DELAWARE LAW AND CERTAIN CHARTER PROVISIONS
 
  The Company is subject to the provisions of Section 203 of the General
Corporation Law of Delaware. In general, this statute prohibits a publicly held
Delaware corporation from engaging in a "business combination" with an
"interested stockholder" for a period of three years after the date of the
transaction in which the person becomes an interested stockholder, unless the
business combination is approved in a prescribed manner. An "interested
stockholder" is a person who, together with affiliates and associates, owns (or
within the prior three years did own) 15% or more of the corporation's voting
stock.
 
  In addition to Section 203 of the General Corporation Law of Delaware and the
Preferred Share Purchase Rights, the Charter contains several provisions that
may discourage certain transactions involving an actual or threatened change of
control of the Company.
 
  For example, the Charter requires that certain business combinations and
other combinations involving the Company and a holder of 10% or more of its
voting securities be approved by at least 66% of all shares having voting
rights.
 
  The foregoing provisions of the General Corporation Law of Delaware and the
Charter are intended to encourage persons seeking to acquire control of the
Company to consult first with the Board of Directors to permit negotiation of
the terms of any proposed business combination or offer.
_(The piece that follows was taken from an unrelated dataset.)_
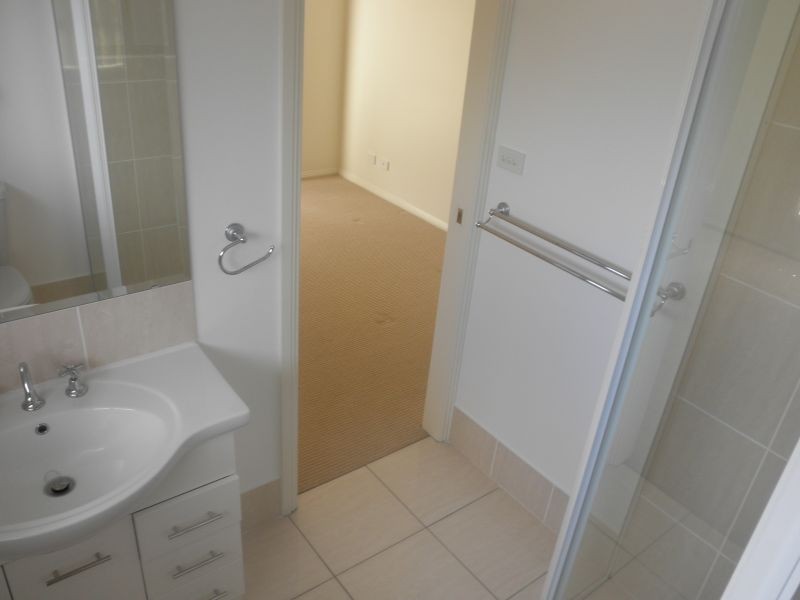 73A The Heights, Tamworth NSW 2340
They may, however,
also have the effect of discouraging a third party from attempting to acquire
control of the Company. In addition, since these provisions are designed to
discourage accumulations of large blocks of stock by third parties who wish to
gain control of the Company, such provisions may reduce the temporary market
price fluctuations caused by such accumulations.
 
TRANSFER AGENT AND REGISTRAR
 
  The primary Transfer Agent and Registrar for the Common Stock is Chemical
Bank, located in New York, New York.
 
                              PLAN OF DISTRIBUTION
   
  The distribution of the shares offered hereby by the Selling Stockholders may
be effected promptly after the effective date of the Registration Statement of
which this Prospectus is a part in one or more transactions at market prices
prevailing at the time of sale or in negotiated transactions, or otherwise, at
varying prices to be determined at the time of each sale, in each case in
accordance with the terms of the Common Stock Registration Rights Agreement
between the Company and the Selling Stockholders. Such transactions may be
effected on a stock exchange or the over-the-counter market. The Selling
Stockholders will effect such transactions by selling shares to or through
Goldman, Sachs & Co., and Goldman, Sachs & Co. will receive compensation in the
form of discounts or commissions from the Company and commissions from
purchasers of shares for whom they may act as agent. Such discounts or
commissions will not exceed those customary     
 
                                       20
<PAGE>
 
   
for the types of transactions involved and are expected to be approximately
$   . The Company has agreed to indemnify the Selling Stockholders and certain
control and other related persons in certain circumstances against certain
liabilities, including liabilities under the Securities Act. The Selling
Stockholders have agreed to indemnify the Company and certain control and
related persons against certain liabilities, including liabilities under the
Securities Act, but only in limited circumstances arising out of such Selling
Stockholders having furnished incorrect written information to the Company for
use in this Registration Statement. The Company and the Selling Stockholders
have also agreed to indemnify Goldman, Sachs & Co. from certain liabilities,
including liabilities under the Securities Act.     
   
  The Company is directly or indirectly bearing all costs relating to the
registration of the shares offered hereby, including any underwriting discounts
or commissions directly attributable to the sale of the shares offered hereby
by or on behalf of the Selling Stockholders. Goldman, Sachs & Co. may be deemed
to be an "underwriter" within the meaning of the Securities Act, and any
commissions and discounts received by Goldman, Sachs & Co. and any profit on
the resale of the shares offered hereby by Goldman, Sachs & Co. might be deemed
to be underwriting discounts and commissions under the Securities Act.     
 
                               VALIDITY OF SHARES
   
  The validity of the shares of Common Stock offered hereby and of the related
Preferred Share Purchase Rights will be passed upon by William W. Colville,
Esq., Senior Vice President, General Counsel and Secretary of the Company. Mr.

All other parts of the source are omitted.